Conductivity: useful, but narrow
South 1’s SEN0601 also reports EC. Over the last week it ranged from 59 to 83 µS/cm, averaging 69 µS/cm.
That number should not be over-read. It is one probe in one piece of media. EC shifts when fertilizer concentration changes, when the media dries down, when probe contact changes, or when salts accumulate locally. Verdify treats it as a reason to inspect and compare context, not as an automatic fertigation command.
How Verdify uses this signal
Soil data is advisory today. It informs planning and operator triage, but it does not directly override relays, trigger irrigation by itself, or become an automatic nutrient correction.

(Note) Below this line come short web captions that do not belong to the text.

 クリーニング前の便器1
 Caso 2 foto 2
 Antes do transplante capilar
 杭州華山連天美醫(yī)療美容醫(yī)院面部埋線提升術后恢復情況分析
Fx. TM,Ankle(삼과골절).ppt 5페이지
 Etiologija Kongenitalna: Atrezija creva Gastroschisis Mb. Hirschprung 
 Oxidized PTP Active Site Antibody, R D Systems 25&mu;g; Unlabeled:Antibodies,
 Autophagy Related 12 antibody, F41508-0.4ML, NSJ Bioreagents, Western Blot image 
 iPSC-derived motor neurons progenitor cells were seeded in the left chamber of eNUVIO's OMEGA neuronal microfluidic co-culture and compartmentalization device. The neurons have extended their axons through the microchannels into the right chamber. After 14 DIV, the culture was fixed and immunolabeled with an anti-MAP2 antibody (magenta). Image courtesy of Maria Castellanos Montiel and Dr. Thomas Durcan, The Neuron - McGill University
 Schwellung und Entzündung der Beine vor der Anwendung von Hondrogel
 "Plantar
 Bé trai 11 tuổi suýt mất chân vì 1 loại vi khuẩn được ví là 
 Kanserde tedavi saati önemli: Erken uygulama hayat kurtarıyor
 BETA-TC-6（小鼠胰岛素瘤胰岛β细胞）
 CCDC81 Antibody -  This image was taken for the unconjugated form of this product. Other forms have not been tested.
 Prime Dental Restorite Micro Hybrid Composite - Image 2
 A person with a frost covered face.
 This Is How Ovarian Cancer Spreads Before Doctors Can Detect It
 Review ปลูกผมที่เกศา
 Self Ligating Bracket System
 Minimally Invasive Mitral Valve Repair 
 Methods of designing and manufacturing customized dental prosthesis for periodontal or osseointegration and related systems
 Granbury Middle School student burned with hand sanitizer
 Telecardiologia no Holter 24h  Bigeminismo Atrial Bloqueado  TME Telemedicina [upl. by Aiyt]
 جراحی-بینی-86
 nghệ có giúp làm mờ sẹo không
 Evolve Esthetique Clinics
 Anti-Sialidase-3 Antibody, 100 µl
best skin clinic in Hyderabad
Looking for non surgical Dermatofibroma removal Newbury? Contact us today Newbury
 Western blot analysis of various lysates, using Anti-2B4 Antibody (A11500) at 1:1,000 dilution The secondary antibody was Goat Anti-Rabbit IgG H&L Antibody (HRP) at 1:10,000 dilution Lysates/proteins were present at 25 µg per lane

| Pattern | What it means | Verdify/operator response |
|---|---|---|
| One probe dries down faster than nearby probes | Local media, emitter, crop, or placement difference | Inspect pot/bed, emitter, and plant condition before changing global irrigation. |
| Moisture falls while VPD rises | Air demand is outrunning the root-zone buffer | Review mist/fog posture, irrigation timing, and crop sensitivity. |
| Soil stays saturated during low VPD | Root oxygen and disease risk may matter more than leaf drying stress | Avoid adding humidity blindly; consider ventilation and human inspection. |
| Soil temperature spikes after air temperature recovers | Root-zone heat load persists after the air looks safe | Check shade, airflow, bench placement, and watering time. |
| EC moves sharply | Possible fertilizer change, salt concentration, drying-media artifact, or probe contact issue | Treat as an inspection trigger, not an automatic nutrient correction. |
What comes next
The current three-probe network is enough to prove that the root zone is not uniform. It is not enough to automate every shelf or crop.
Next useful steps:
- add more shelf-level probes where wall drip variability matters most;
- add pH/EC-capable probes in the highest-value soil zones;
- connect soil drydown to irrigation event timing;
- compare root-zone temperature against heat-stress and VPD-stress windows;
- publish soil probe photos so readers can see the physical installation, not just the chart.
Soil sensing connects Growing, Equipment, Zones, Hydroponics, and AI-Writable Tunables. Iris (our OpenClaw AI agent) can change climate and water tactics inside bounded control rules, but the probe data stays evidence-first: measure, compare, inspect, then act.